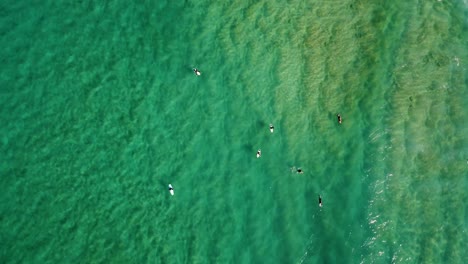 Drohnenschwenk-Aus-Der-Luft-Auf-Den-Pazifischen-Ozean-Mit-Surfern,-Die-Auf-Wellen-Auf-Der-Sandbank-North-Avoca-Beach,-NSW,-Australien,-4k-Warten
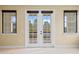 Glass French doors open to a private balcony overlooking a tranquil lake at 28475 Marsciano Ln, Wesley Chapel, FL 33543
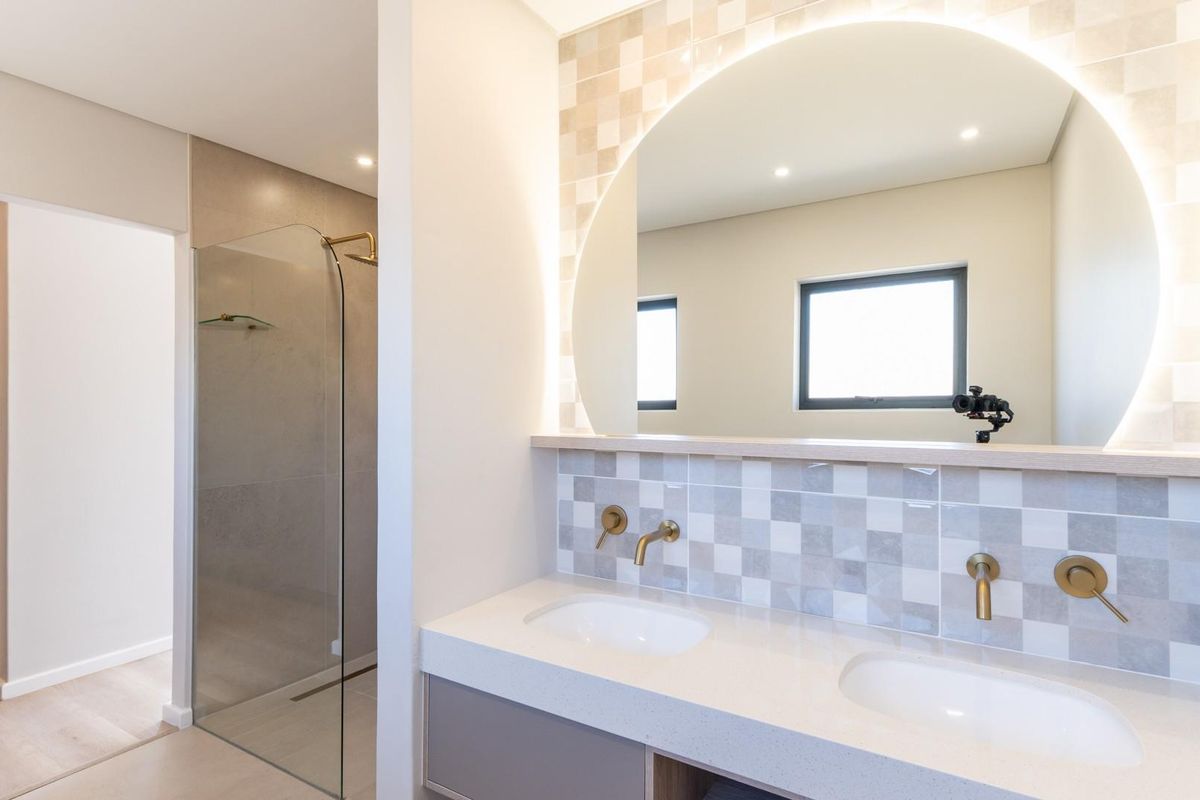 Modern bathroom featuring a double vanity with stone countertop, wall-mounted brass faucets, a large backlit circular mirror, and a glass-enclosed walk-in shower.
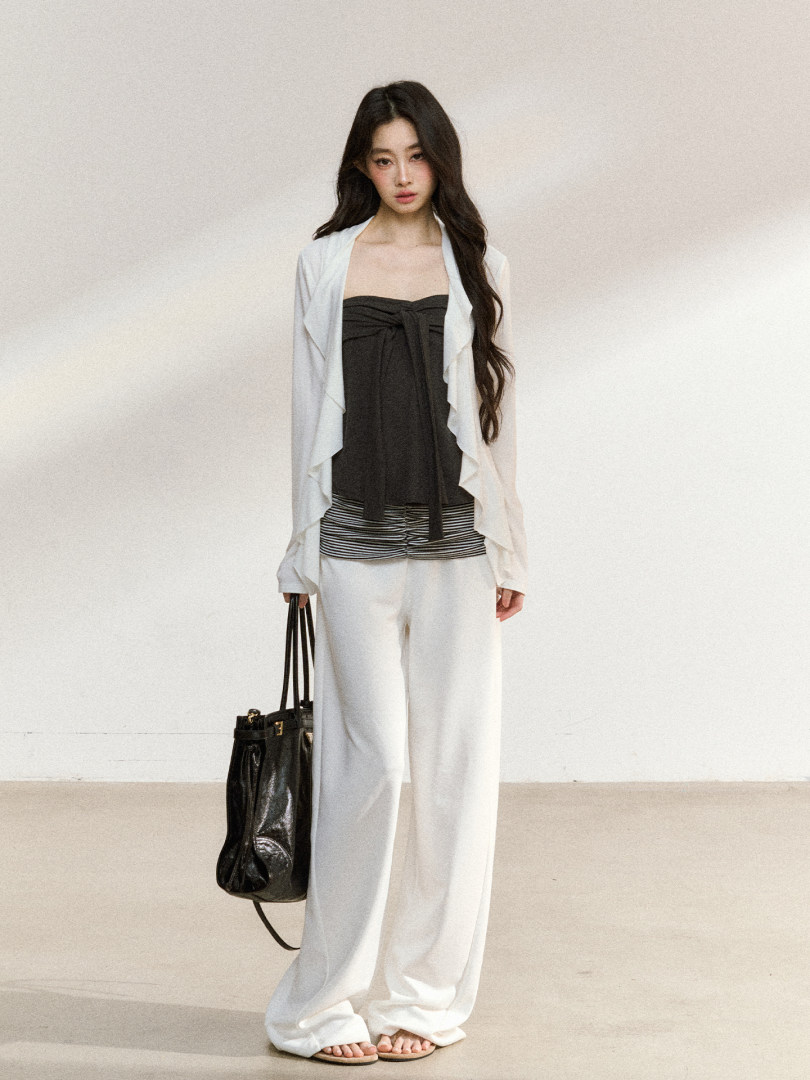 Model wearing a layered black-and-white fashion outfit with wide-leg white trousers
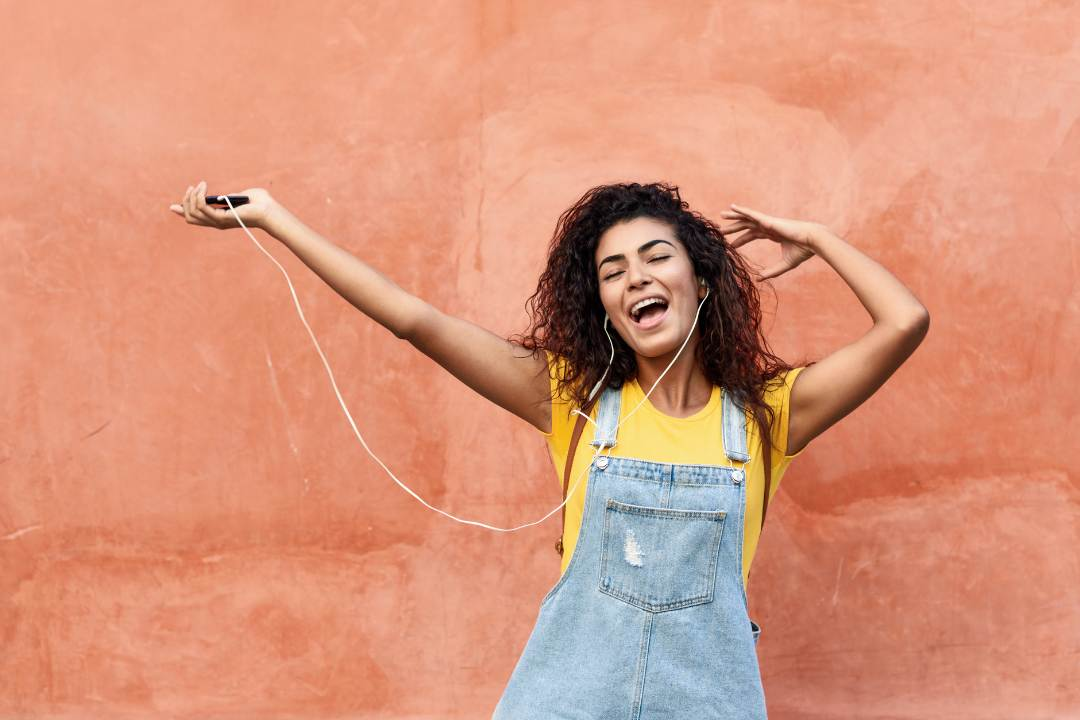 woman listening to music and singing about oral nac, amino acid cysteine, further reasearch and oral administration - The Good Stuff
--
* [Your task]: Exactly as written, reproduce the lines from the one containing "Glass French doors" through the last line of the entries above, and leave every picture out.

* [Output for this task]:
 Glass French doors open to a private balcony overlooking a tranquil lake at 28475 Marsciano Ln, Wesley Chapel, FL 33543
 Modern bathroom featuring a double vanity with stone countertop, wall-mounted brass faucets, a large backlit circular mirror, and a glass-enclosed walk-in shower.
 Model wearing a layered black-and-white fashion outfit with wide-leg white trousers
 woman listening to music and singing about oral nac, amino acid cysteine, further reasearch and oral administration - The Good Stuff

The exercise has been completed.